** TASK INSTRUCTIONS **
Once the line containing "Vacation House Plan" is found in the material below, it and every line after it should be transcribed exactly, with pictures left out and nothing added.

::: DATASET CONTENT :::

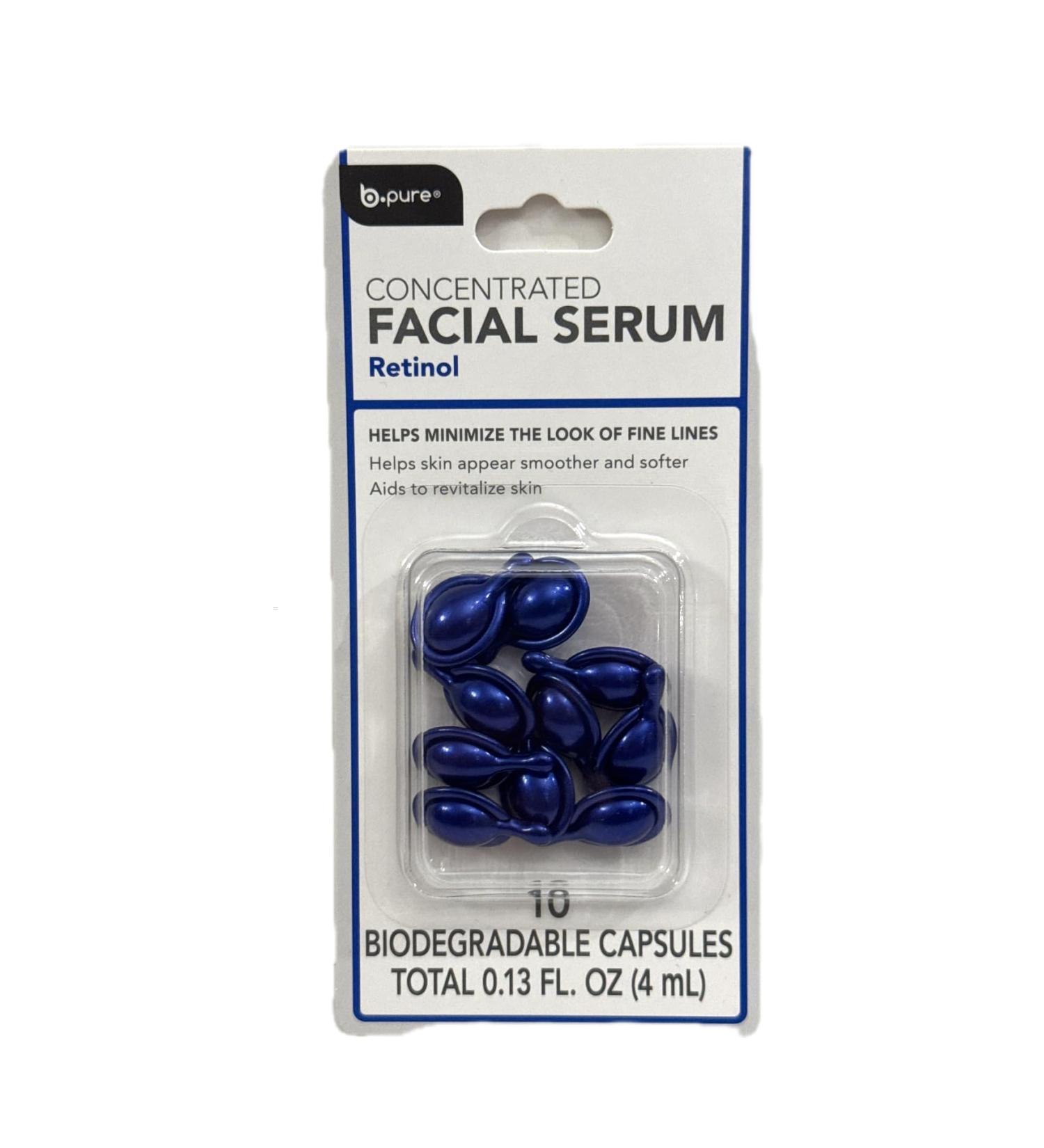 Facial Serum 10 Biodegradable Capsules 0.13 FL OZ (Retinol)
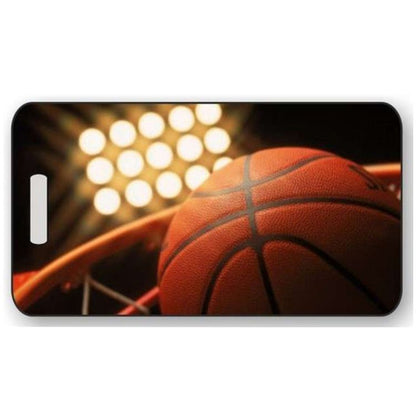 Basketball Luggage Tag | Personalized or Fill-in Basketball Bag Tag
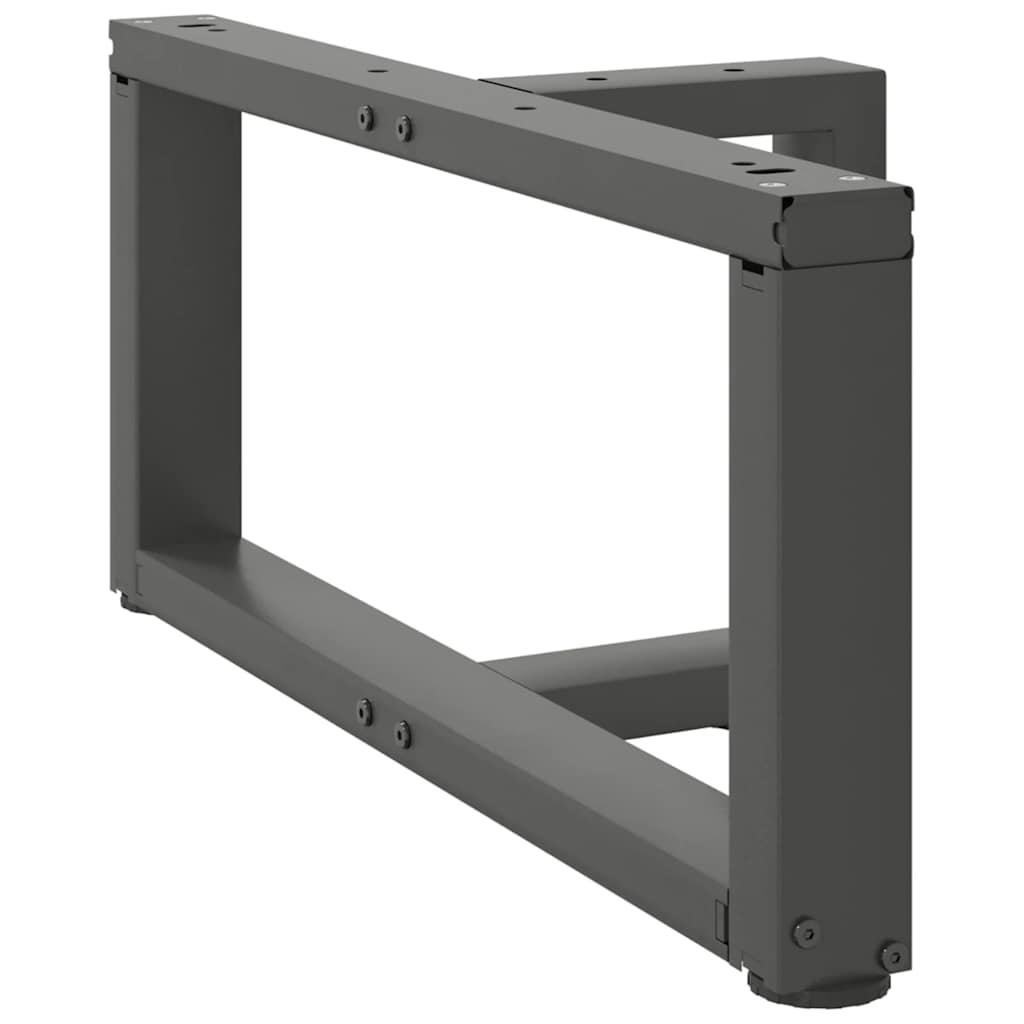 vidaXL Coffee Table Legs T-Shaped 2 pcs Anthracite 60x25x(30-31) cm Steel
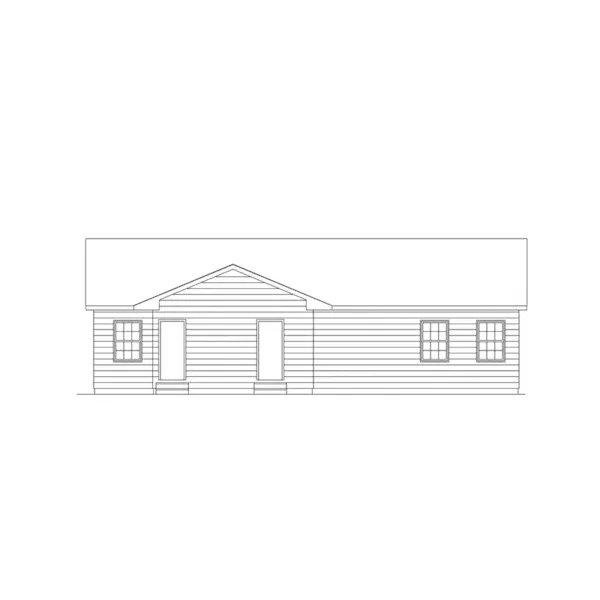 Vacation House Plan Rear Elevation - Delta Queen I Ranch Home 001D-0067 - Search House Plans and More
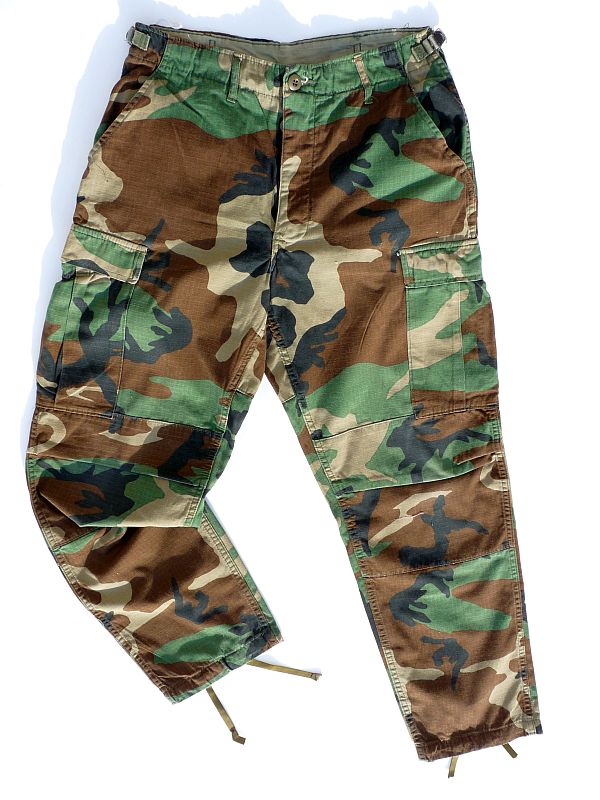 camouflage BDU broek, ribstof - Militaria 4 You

:::

** EXERCISE RESULT **
 Vacation House Plan Rear Elevation - Delta Queen I Ranch Home 001D-0067 - Search House Plans and More
 camouflage BDU broek, ribstof - Militaria 4 You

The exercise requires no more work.